The climax was the genuine filter coffee, nursed to perfection in their stainless steel tumbler and davara ;) I don’t know what it is between us South Indians and Coffee. Tea is always the travel drink, the compromise you force yourself to, when you don’t have the luxury of home made filter coffee. But coffee is the drink of the kings, OK, I can argue with you for an hour on that one.

I still debate the actual source of the flavor; I know it’s somewhere in space between the coffee powder, that strong chicory, that filter that gets passed down generations and the davara-tumbler. The aroma that floods the vicinity, the minute the hot water starts to seep through the freshly ground powder, is out of this world in all senses. Contrary to the now-hyped latte or cappuccino’s smooth and delicate froth, the filter coffee has a rusty, bubbled froth. No coffee is complete without that froth, balanced precariously, an inch beyond the tumbler top. The trick lies in pouring the coffee from the highest point your hands can reach. And it is this little white dream that separates the tea from the coffee, the luxurious from the mundane.

The filter coffees in hotels added all the glitz and the glamor within these basic requirements; the inverted-tumbler-trick is still my favorite. Sitting miles and years away, thinking about our visits to Annapoorna and picturing God mix the sugar and coffee in his slick movements, I emptied the coffee into the dabara and peeped in, anticipating the ingeniously placed extra serving of sugar down there. I was expecting too much after all.

The meal had been etched in memory for days to come; the adai aviyal after two long years was not going to be let go off that soon, was it?

The touching finale was the rain drenched dandiya in JC. While we stood, tucked under the comfort of the shades, and gorged on the bhel puris , the hundreds of staunch Gujaratis went around the circle, with ritual-like dedication, making the drizzle all too trivial. Dames dressed in flowery dresses danced about, while their better halves tried being up to the expectations in more senses than one. The sheer mix of ages in that group astounded me; old women, jackets over their saree to beat the cold, danced about not missing a step. The entire scene, the whole day, had been too mystic to be real,  and yet thousands of eyes had blinked through it.

I saw pot holed roads and got bitten by mosquitoes; drank genuine filter coffee and ate fresh vadu maanga. Would they let me miss home at all?

And the seed is sown.

Update: Just noticed that this post has more content in the PS and PPS’s than the main body. Interesting.!!

Me: Of Vadis and vadaams..?

Him: : P  Not good. Any other names?

Me: Hmm…how about “Bhaakris, Kootus and Us”..?

Him: hee hee…dud head….

Me:  Well…I got the tag line figured out… It should be “Saoji, tacchimam and everything in between”

Him: LOL…Nice Idea….

 

PS: Vadaams : Integral part of an trusty tamil meal. They are crispy, side dishes and some variations of it look like this and this.

Bhaakri : A rustic, Marathi form of the roti or naan prepared with millets ( Ok, don’t beat me up; A bhaakri is a bhaakri, I know).

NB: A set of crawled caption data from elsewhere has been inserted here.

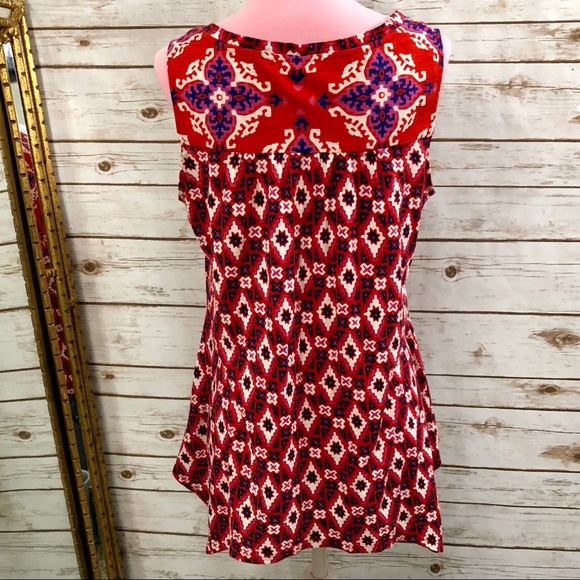 Anthropologie • Akemi + Kin Galapa Cotton Model Split Tank - Picture 5 of 7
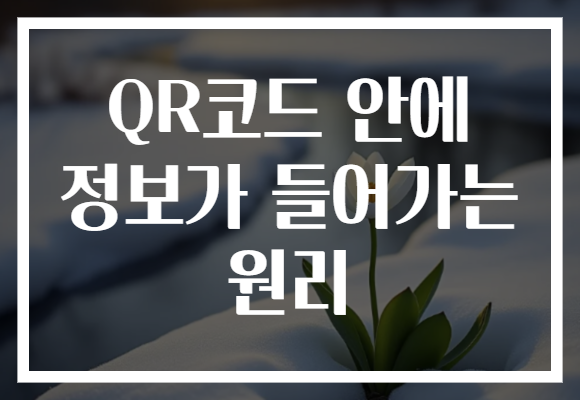 QR코드 안에 정보가 들어가는 원리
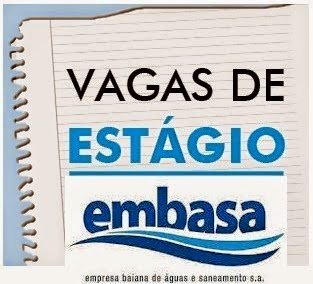 Embasa inscreve para vagas de estágio em 19 municípios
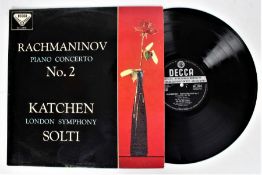 Rachmaninov, Katchen, London Symphony, Solti – Piano Concerto No. 2 ( SXL 2076, UK 1960 stereo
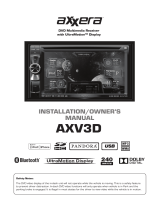 Dual Electronics Corporation AXV3D Owner's manual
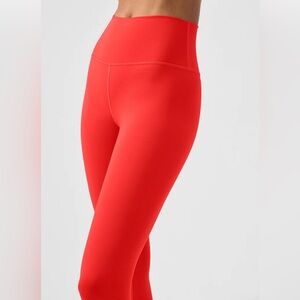 Alo 7/8 High-Waist Airlift Legging-Red Hot Summer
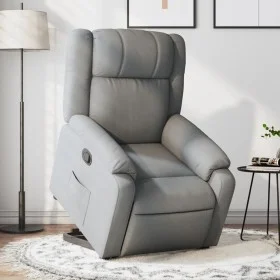 Light Gray Fabric Liftable Recliner by , Armchairs - Ref: Foro24-3205202, Price: 267,39 €, Discount: %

I found a very authentic recipe of a bhakri here.

Koottu : Courtesy wikipedia, is a tamil dish, made of vegetable and lentils and is semi-solid in consistency. Can’t beat Aayis’ version here.

Sauji : I hear this is a mutton preparation typical of Nagpur, Maharashtra. You tend to come out of Sauji eateries, red eyed, nose dripping and lips still smacking. On my list of to-dos. Will link you guys to it if I find a decent one on the net.

tacchimam : Well, if you were born in a tambrahm household, you already know what I am talking about. If you are blessed with them as friends, you also know what am referring to too. No, it is not just curd rice, and calling it just that is a spite that I choose to take very seriously.

PPS: Talk about passion and work and mixing the two together! A very interesting paper here, that I bumped into while trying to put together the best definition for a vadaam.